--- Instructions to follow ---
Once the pictures are set aside, output all the records exactly.

##### Data in this exercise

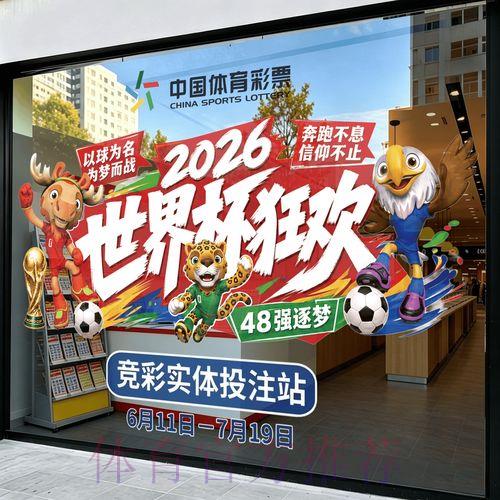 2026世界杯最佳购票竞猜软件推荐 2026世界杯最佳购票竞猜软件推荐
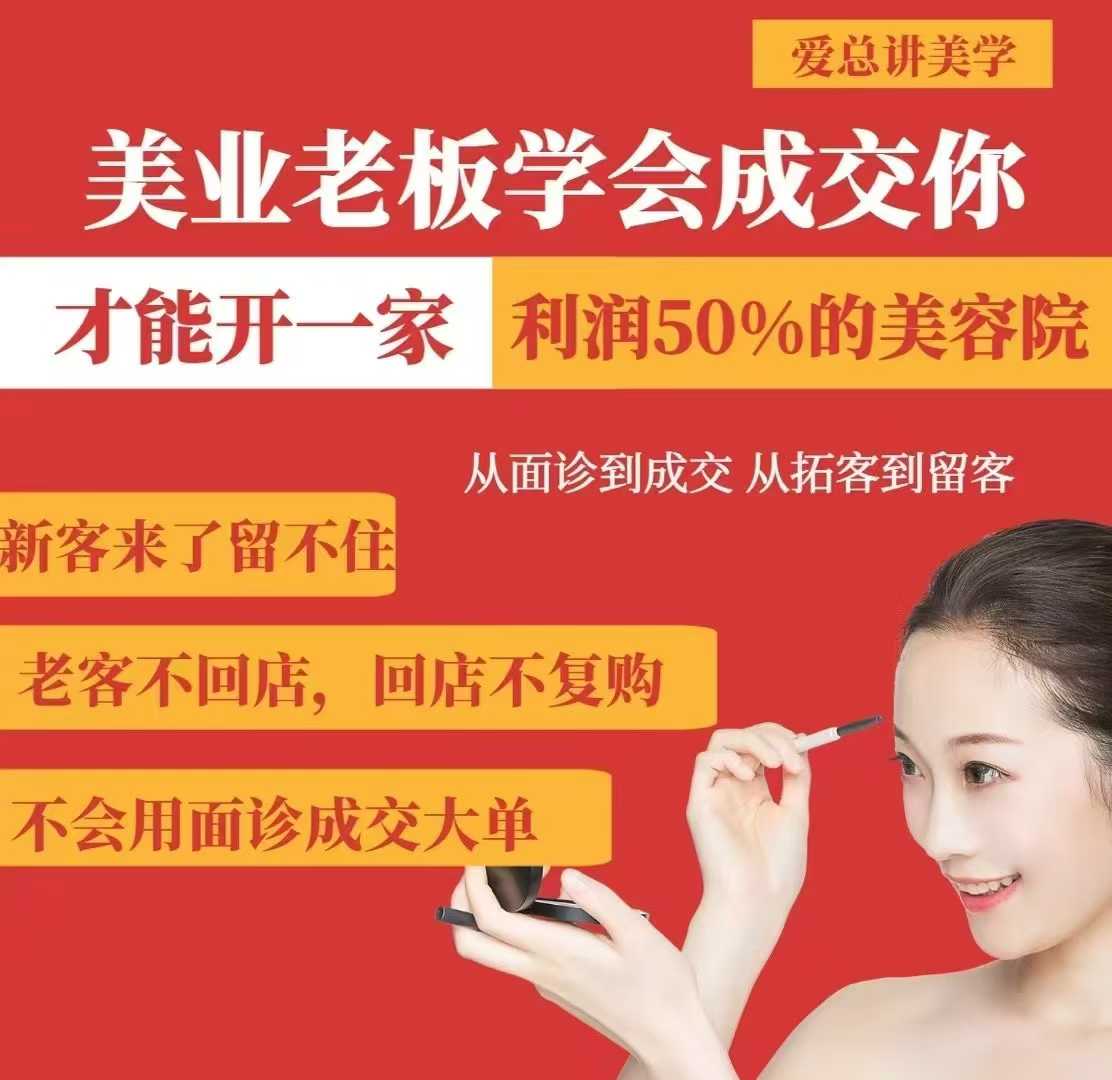 美业老板学会成交，你才能开一家利润50的美容院，从面诊到成交，从拓客到留客 - 冒泡网项目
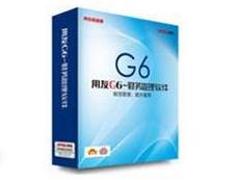 G6財務(wù)管理軟件市場價格情況|G6財務(wù)管理軟件價格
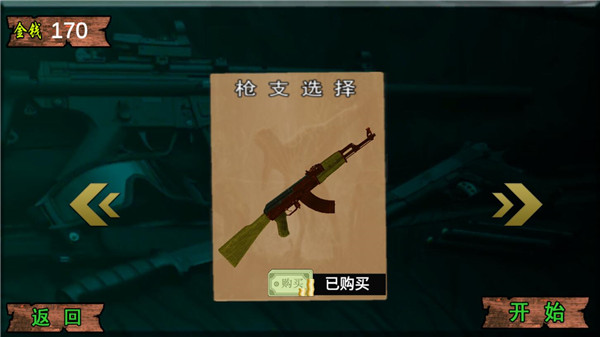 奖励结算界面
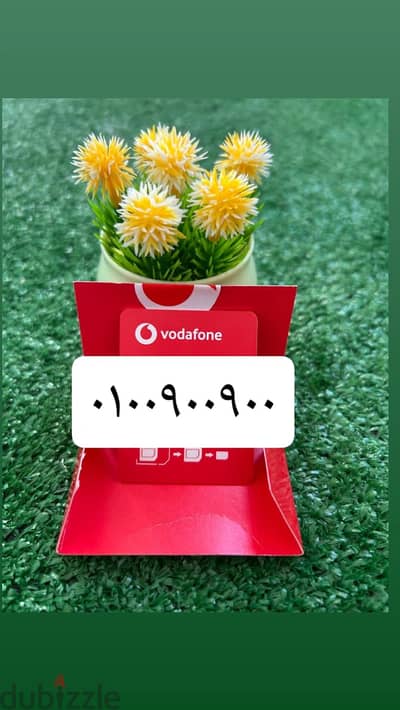 و خطوط مميزه خط VODAFONE RED ( دقايق-موبايل انترنت) و التوصيل للمحا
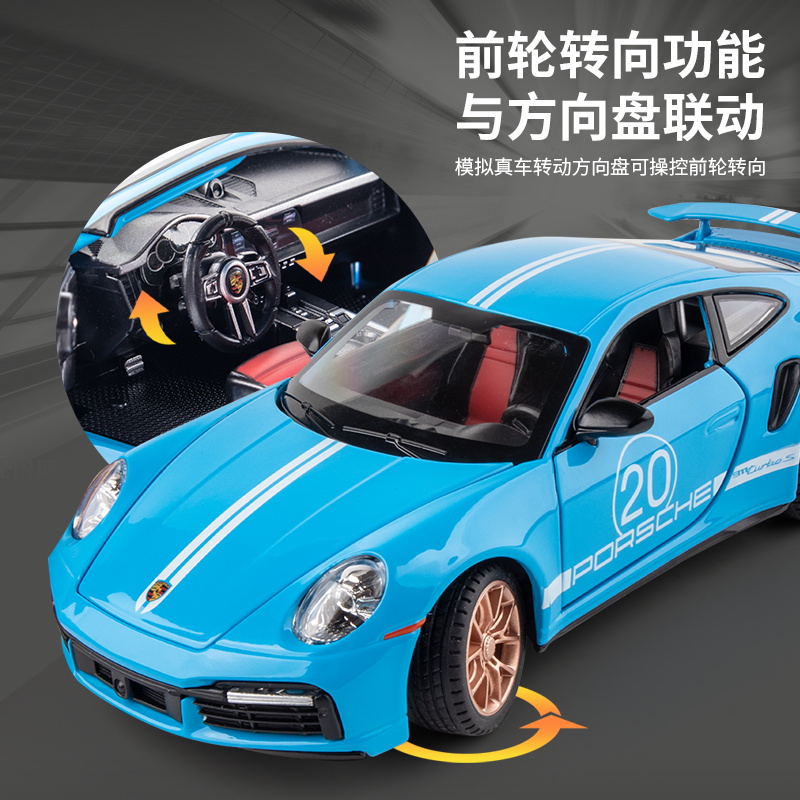 1/24保时捷911 Turbo S合金汽车模型回力声光玩具跑车可转向避震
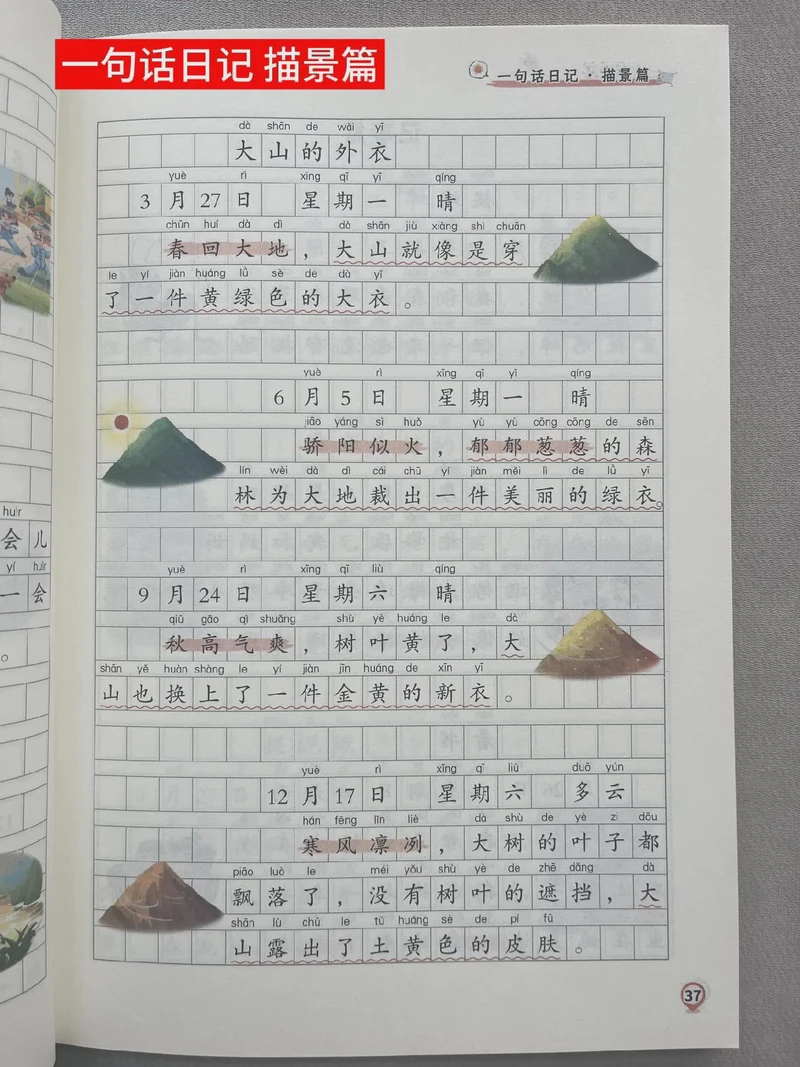 今天那句话，让我心里暖了一整天！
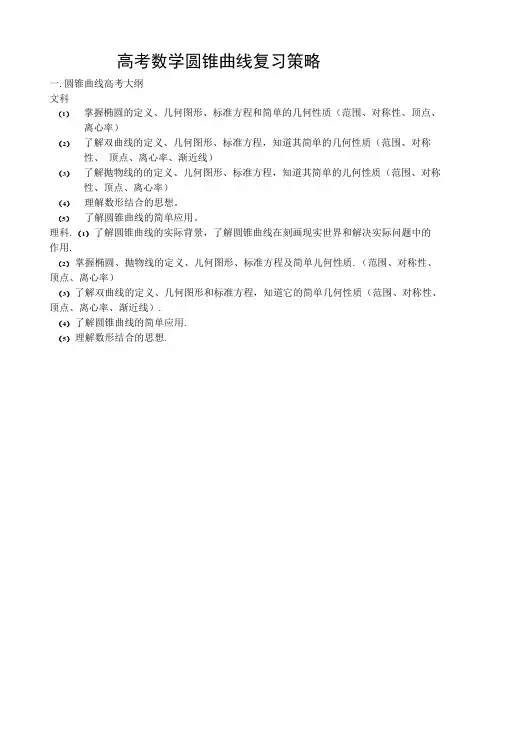 高考数学圆锥曲线复习策略.docx
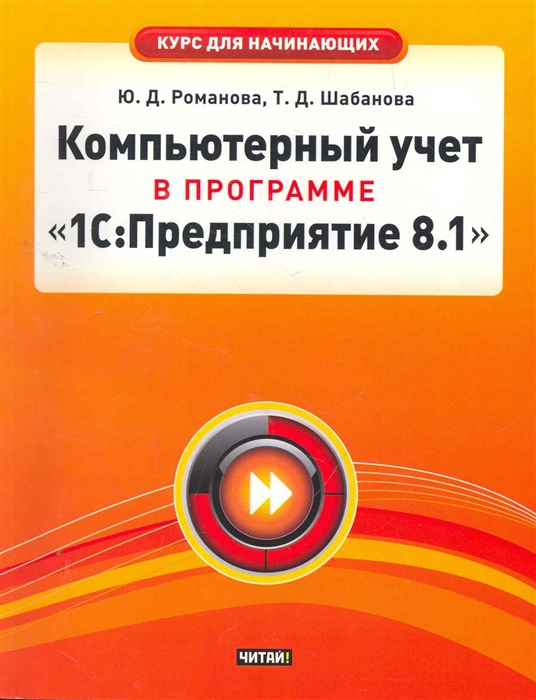 

Компьютерный учет в программе 1C Предприятие 8 1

##########

--- Answer box ---
 2026世界杯最佳购票竞猜软件推荐 2026世界杯最佳购票竞猜软件推荐
 美业老板学会成交，你才能开一家利润50的美容院，从面诊到成交，从拓客到留客 - 冒泡网项目
 G6財務(wù)管理軟件市場價格情況|G6財務(wù)管理軟件價格
 奖励结算界面
 و خطوط مميزه خط VODAFONE RED ( دقايق-موبايل انترنت) و التوصيل للمحا
 1/24保时捷911 Turbo S合金汽车模型回力声光玩具跑车可转向避震
 今天那句话，让我心里暖了一整天！
 高考数学圆锥曲线复习策略.docx

Компьютерный учет в программе 1C Предприятие 8 1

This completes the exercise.